● WHAT YOU NEED TO DO: Straight copy, no pictures: transcribe each entry as it stands.
⟨
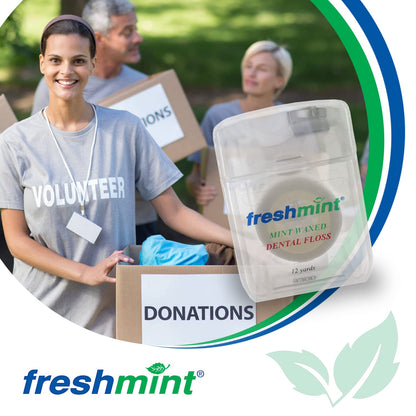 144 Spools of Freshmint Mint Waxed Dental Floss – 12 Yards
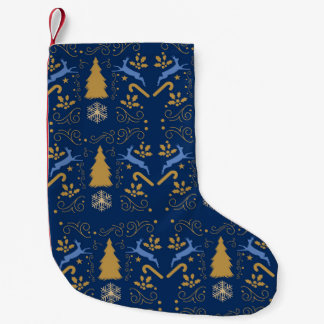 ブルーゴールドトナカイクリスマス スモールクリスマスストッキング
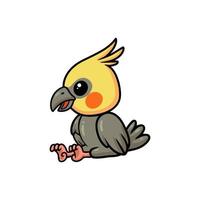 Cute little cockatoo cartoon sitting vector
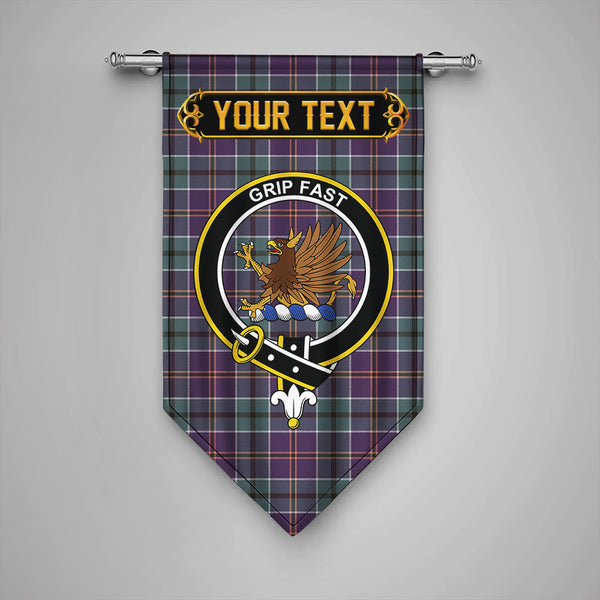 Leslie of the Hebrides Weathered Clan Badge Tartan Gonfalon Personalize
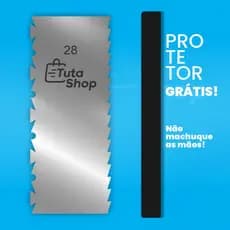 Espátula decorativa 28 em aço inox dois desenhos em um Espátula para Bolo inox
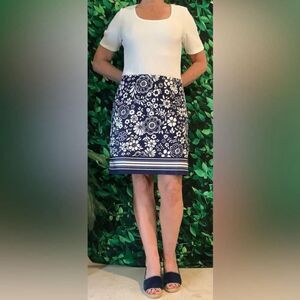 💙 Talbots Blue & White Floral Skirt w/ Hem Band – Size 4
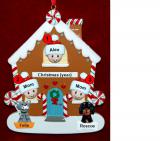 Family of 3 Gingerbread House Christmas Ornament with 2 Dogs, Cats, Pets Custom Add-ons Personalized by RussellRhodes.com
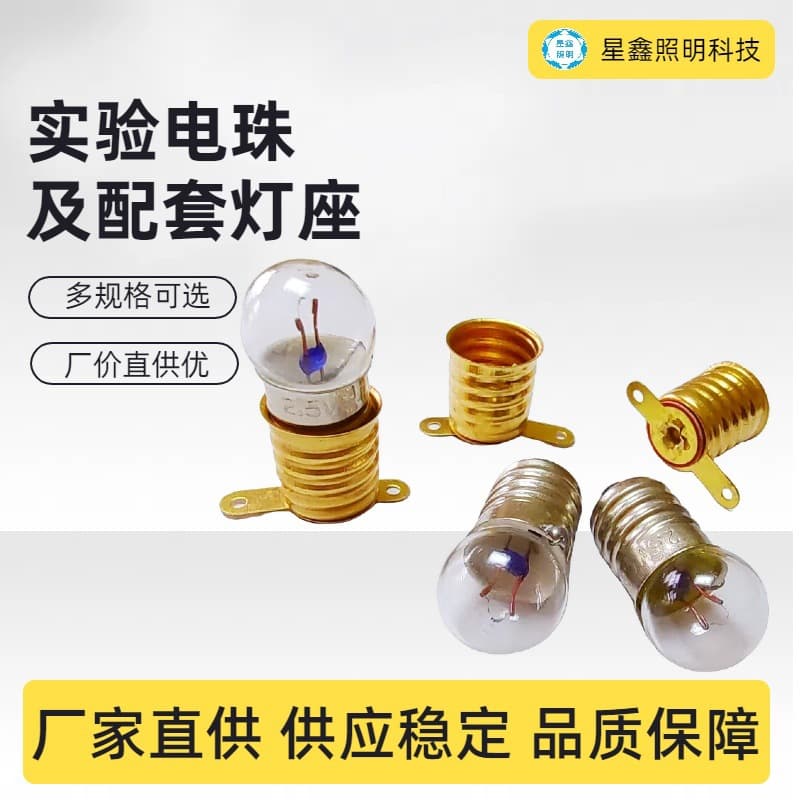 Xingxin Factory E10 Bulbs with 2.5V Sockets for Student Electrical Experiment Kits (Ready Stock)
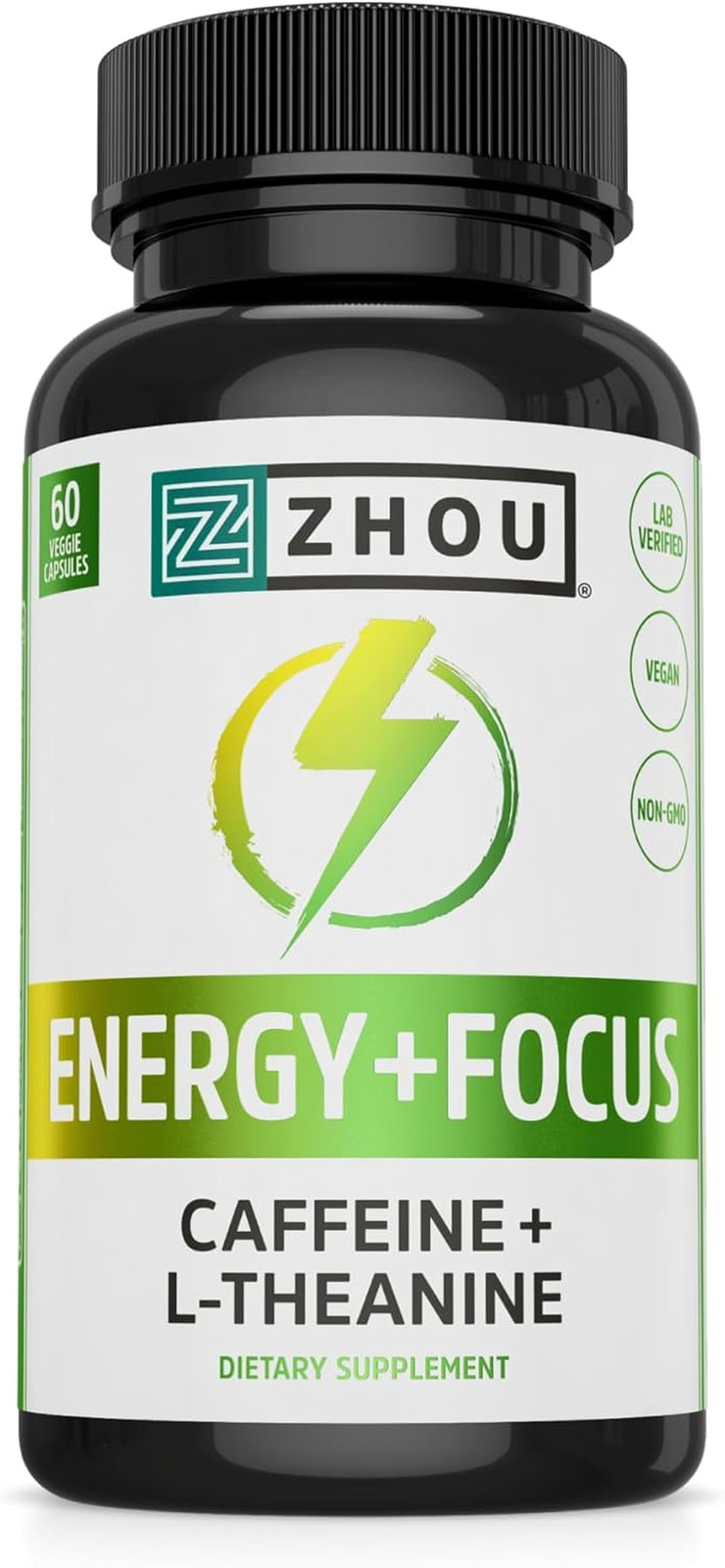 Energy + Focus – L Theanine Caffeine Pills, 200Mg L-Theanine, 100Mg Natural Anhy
⟩
● WRITTEN RESPONSE:
 144 Spools of Freshmint Mint Waxed Dental Floss – 12 Yards
 ブルーゴールドトナカイクリスマス スモールクリスマスストッキング
 Cute little cockatoo cartoon sitting vector
 Leslie of the Hebrides Weathered Clan Badge Tartan Gonfalon Personalize
 Espátula decorativa 28 em aço inox dois desenhos em um Espátula para Bolo inox
 💙 Talbots Blue & White Floral Skirt w/ Hem Band – Size 4
 Family of 3 Gingerbread House Christmas Ornament with 2 Dogs, Cats, Pets Custom Add-ons Personalized by RussellRhodes.com
 Xingxin Factory E10 Bulbs with 2.5V Sockets for Student Electrical Experiment Kits (Ready Stock)
 Energy + Focus – L Theanine Caffeine Pills, 200Mg L-Theanine, 100Mg Natural Anhy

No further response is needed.